It should be noted that previous studies reported much higher sensitivity and specificity when comparing biopsy and the remaining embryo[10,35,39-44]. We do not have a ready explanation for this discrepancy but many factors might have contributed to these differences. Previous studies used different techniques and they mostly analyzed the total gains and losses of entire chromosomes while we employed NGS which had a much higher resolution than FISH or aCGH. In some study comparisons were made between different techniques, i.e. aCGH vs. FISH, or aCGH vs. NGS[35,41]. In a similar study, the whole blastocysts was analyzed to compare against the initial biopsy using the same aCGH protocol. However it examined only whole chromosome gains and losses, and in addition, the embryos they selected should have better morphological scores than ours.

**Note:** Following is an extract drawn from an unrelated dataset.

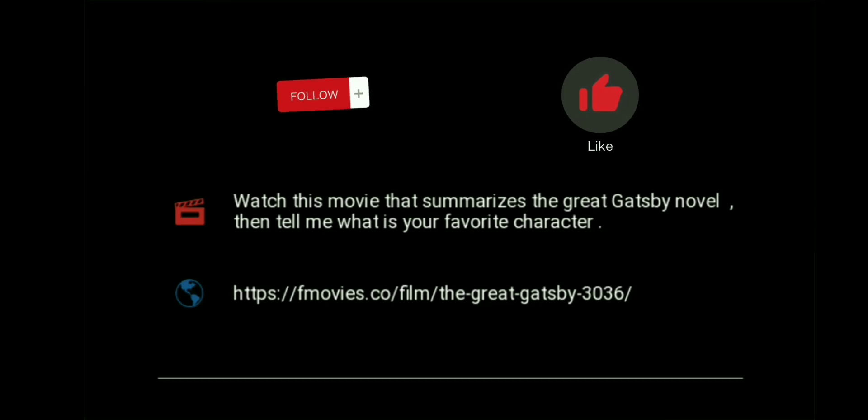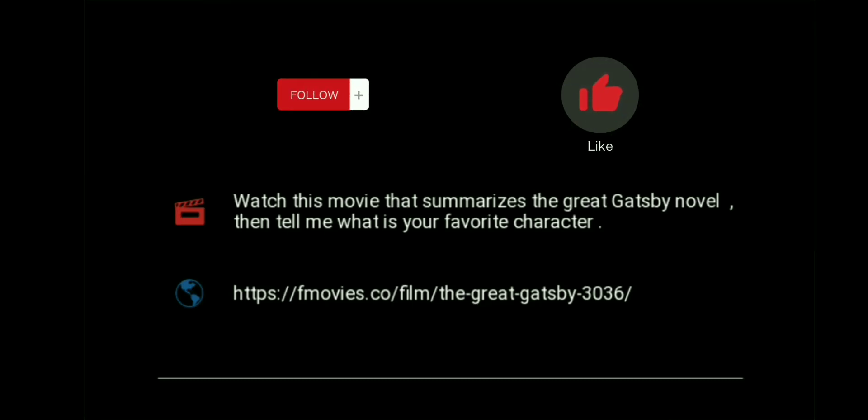Watch the movie to set the scene for the novel, and follow my channel if you want to get more benefits.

Therefore, we speculate that the real differences in their study should be higher than what was reported[44]. Chromosome data generated from the whole embryo would reflect all abnormalities of all the cells and the average of them. The resolution of NGS would unveil many more variations than those by FISH or aCGH. Although the rate of mosaicism in our samples (11/40) is similar to those reported by others[31-37], we discarded any mosaicism less than 30% and above 80%, therefore the actual mosaicism rate could be higher. The only comparable study was reported by Xu et al. in which the sensitivity and specificity were 88% and 84% respectively, which are comparable to ours[23]. However, in their study, comparison was made only between cell biopsy and spent culture medium, but the remaining embryos were not examined nor compared. Of course, the different technical protocols used in different studies could be responsible for the differences in our results and those of the previous reports. It remains to be seen what future studies of similar nature will unveil in terms of sensitivity and specificity of this technique.

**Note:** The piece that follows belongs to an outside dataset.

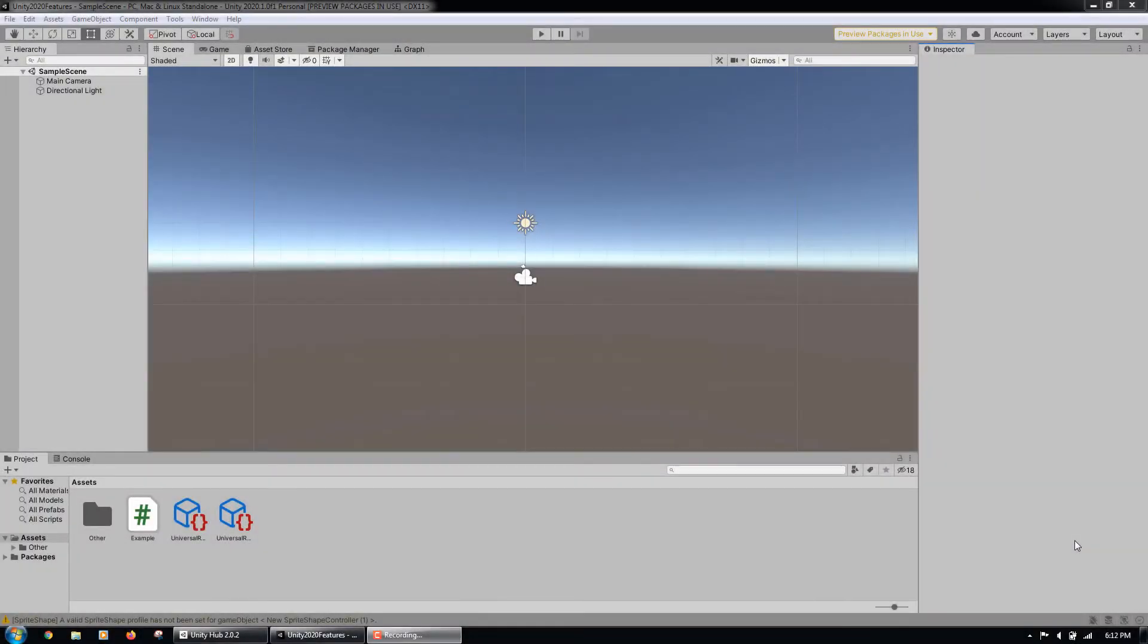In this lecture, we will learn about Unity's new mobile device simulator. When you are creating a game for mobile, you need to make sure that your game scales across devices of all aspect ratios.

Our study also revealed the limitation and bias produced by both cell biopsy and the ECB procedures. In 4 cases, the chromosomal pattern derived from cell biopsy was different from those of the remaining embryo and the ECB while the latter two were in agreement to each other. In 12 cases, ECB generated different results from the remaining embryos and the cell biopsy while the latter two were in agreement to each other. In another 7 cases, none of the three methods generated results agree to one another. This result showed that the cell biopsy and the new ECB procedures, although mostly accurate, could mislead in selecting the right embryo for implantation.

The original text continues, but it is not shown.